L'opinione degli studenti
La "nuova normalità" delle università divide però gli studenti. Per Adriana, studentessa di psicologia a Perugia, la modalità telematica è tutt'altro che da archiviare: «Avere la disponibilità delle lezioni online è davvero comodo; organizzo meglio la mia giornata e ho più tempo per lo studio. Sarebbe davvero fantastico se fossero fruibili anche ad emergenza finita, farebbero risparmiare molto a noi studenti fuorisede». Francesco, che studia Lettere Moderne alla Sapienza, non è della stessa opinione: «nel mio caso, durante il lockdown, le lezioni telematiche erano tutte registrate e mai in diretta; facevo difficoltà a trovare i miei ritmi e non c'era alcun tipo di interazione con i docenti. Se a settembre si dovrà continuare così, spero che siano quantomeno in tempo reale». Alberto, al secondo anno alla Sapienza, rifiuterebbe la possibilità delle lezioni online anche se pendolare: «non andare all'università significa perdere la vita sociale che fa parte di questa esperienza e che comunque è essenziale per crescere. Stare a casa di continuo mi farebbe praticamente impazzire, sarebbe come non fare niente».
Contraddizioni
Ma non bisogna attendere settembre per rendersi conto di quanto l'università sia stata trascurata. In un momento in cui locali ad alto rischio di assembramento sono aperti in molte regioni - le discoteche in primis - gli esami universitari continuano ad essere svolti principalmente per via telematica, e le aule studio rimangono chiuse. «Ci troviamo sempre in un Paese che dà le priorità basandosi su interessi economici piuttosto che sull'utilità stessa delle iniziative», lamenta Sofia, studentessa di Roma Tre, «trovo assurdo che si possa fare di fatto assembramento in una discoteca, ma che mi venga impedito di studiare con tre amici in un'aula».

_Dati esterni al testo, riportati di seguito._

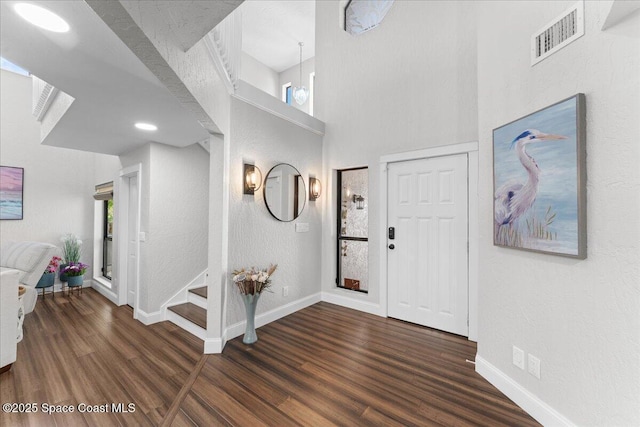 entryway with stairs, visible vents, baseboards, and wood finished floors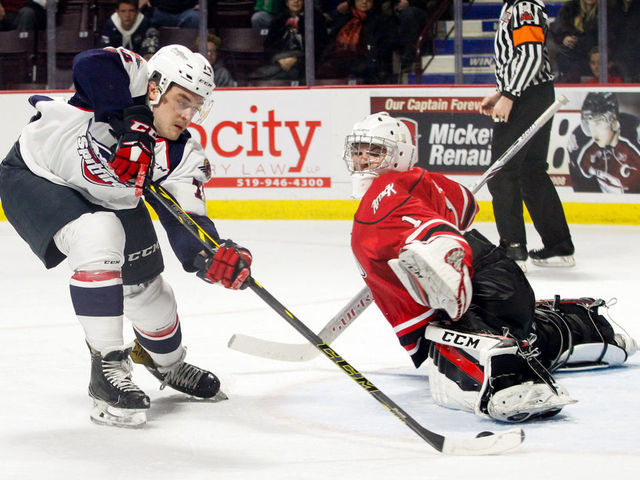 WINDSOR, ON - NOVEMBER 16: Defenceman Sean Day #74 of the Windsor Spitfires scores his second-period goal past goaltender Mack Guzda #1 of the Owen Sound Attack on November 16, 2017 at the WFCU Centre in Windsor, Ontario, Canada.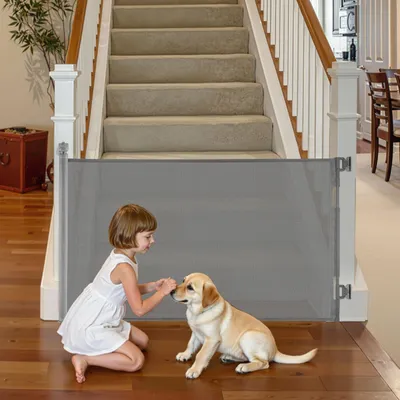 A child and a puppy interact at the bottom of a staircase, separated by a retractable safety gate.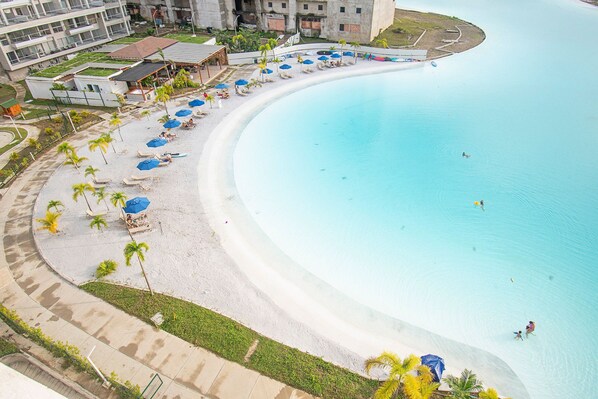 Una playa curvada con piscina, palmeras y sillas de playa.
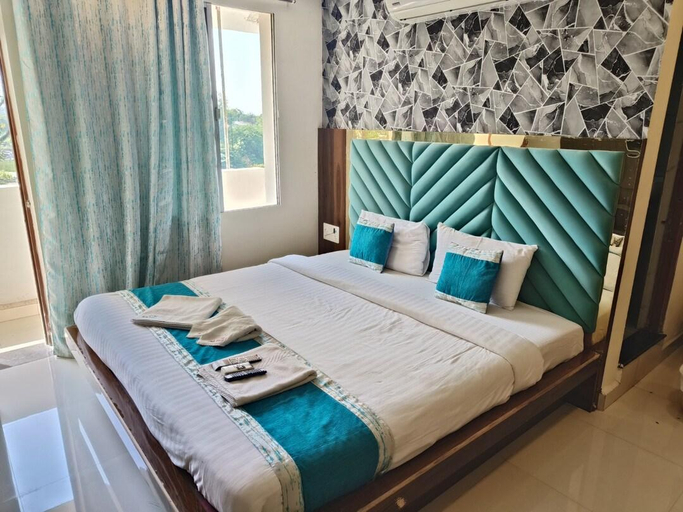 Bedroom 2, Hotel Sunrise N Resorts, Nagpur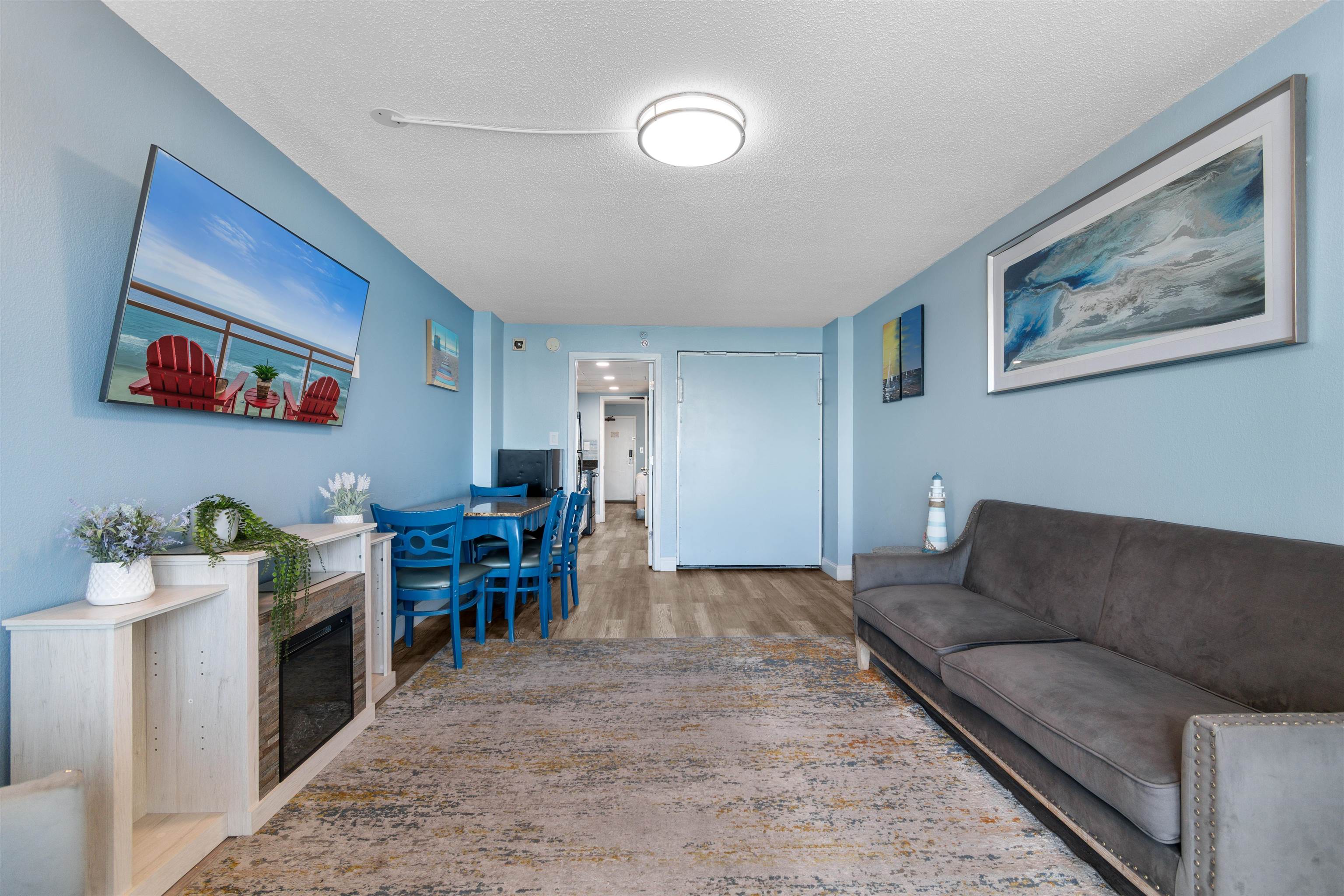 1501 South Ocean Boulevard, Unit 1237 Myrtle Beach, SC 29577 - Photo 23 of 40 Living room with a textured ceiling and wood finished floors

La mancanza di linee guida ministeriali per la ripartenza delle università può essere intesa in vari modi. Da un lato, permetterebbe alle diverse realtà accademiche italiane di organizzarsi in base al loro contesto, prendendo in considerazione in primis la capacità delle aule e il numero degli studenti. Da un punto di vista più burocratico, invece, si rischierebbe grosso: «Se ci fossero particolari problematiche o focolai, di chi sarebbe la responsabilità?», riflette Francesco. Nel dubbio, si spera che i nodi verranno sciolti nella pianificazione della Fase 4, sul tavolo del governo in questa calda estate di pandemia.